CSE/ISE315 Spring 2006 Stony Brook |
Database Transaction Processing Systems
Annie Liu Assignment 6 |
Handout A6 Apr. 9, 2006 Due Apr. 27 |
Indexing and Performance
Sybase Adaptive Server's query optimizer attempts to produce an efficient query plan for each query it executes. An efficient plan minimizes the number of I/O operations required, since I/O represents the major execution cost. The optimizer generally produces several "good" plans, evaluates their cost, and chooses the best one.
Associated with each query plan, the optimizer must choose an access path to get the data from each table. Depending on the indices you have created, the optimizer's choices include:
A table scan requires that the entire table be retrieved and hence may cause a large number of disk reads and result in poor response time. Sybase attempts to reduce this time by transferring multiple pages in a single I/O operation and by prefetching pages that have not yet been requested. With such techniques, table scans can often be done efficiently, but scans of large tables are still costly. The situation can be improved if you have appropriate indices on the tables, so that the query plan can use index access or index covering and require fewer I/O operations.
It is important to keep index entries small. The page size in Sybase is 4K, and you can create an index with entries of up to 1250 bytes, but few index entries will fit in a page, the index tree will have more levels, and each level will have more pages. As a result, a search must descend more levels, and the index scan for a range search needs to read more pages. It is also important to carefully choose between clustered index and unclustered. You can create only one clustered index per table, because the data for a clustered index is ordered by the search key.

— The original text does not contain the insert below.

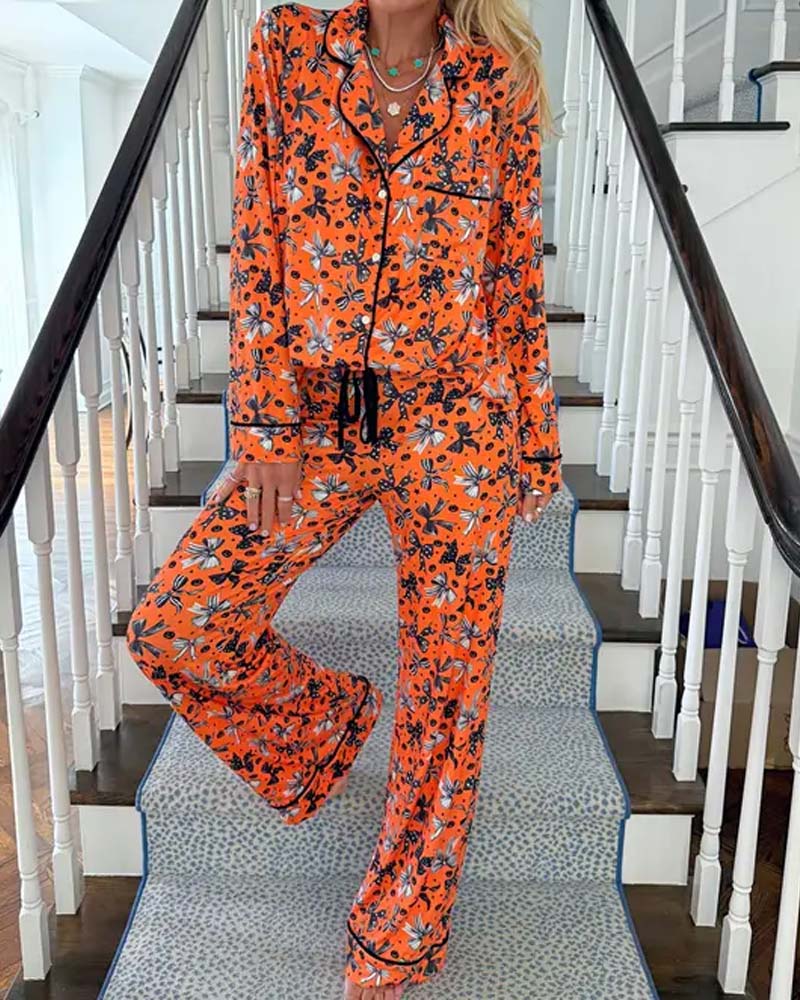 Pyjamas Set Skjortkrage Tryckt Knapp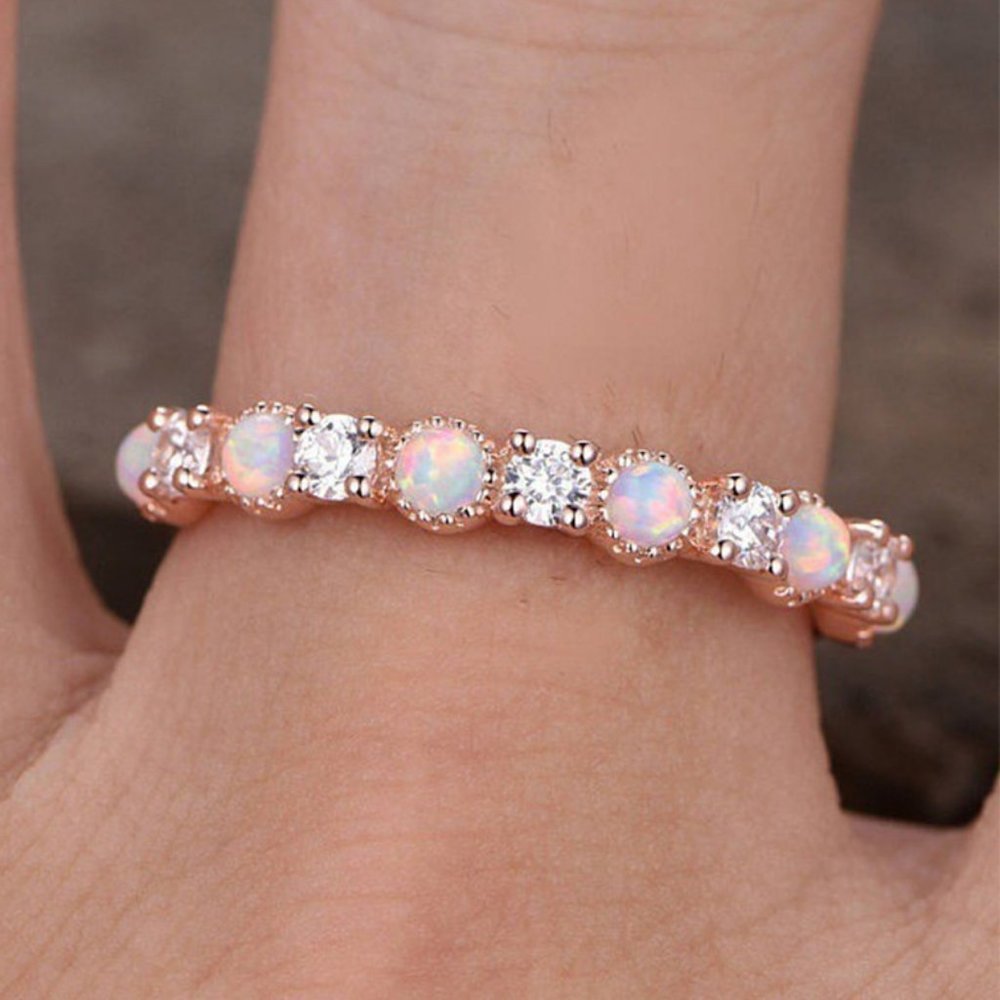 *NEW 18K Rose Gold Diamond Opal Half Eternity Ring - Picture 1 of 5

The purpose of this experiment is to demonstrate how indices affect the performance of queries.
Cache issues
It is important to consider the effect of the data cache when
measuring performance. When running a sequence of experiments, the
data cache at the start of one experiment will contain the pages left
by the previous experiment. If the next experiment uses the same
pages, it will find them in the cache and no disk I/O is needed.
Thus, no meaningful conclusion can be made by comparing the execution
time of the two experiments. To avoid this, it is necessary to make
sure that when an experiment is initiated, the pages in the cache are
useless. Hence, we must flush the cache between experiments. So we
need to know how Sybase uses the cache. When Sybase starts, it
allocates memory for executable code and data structures. The
remaining memory is used for a data cache, called the default cache.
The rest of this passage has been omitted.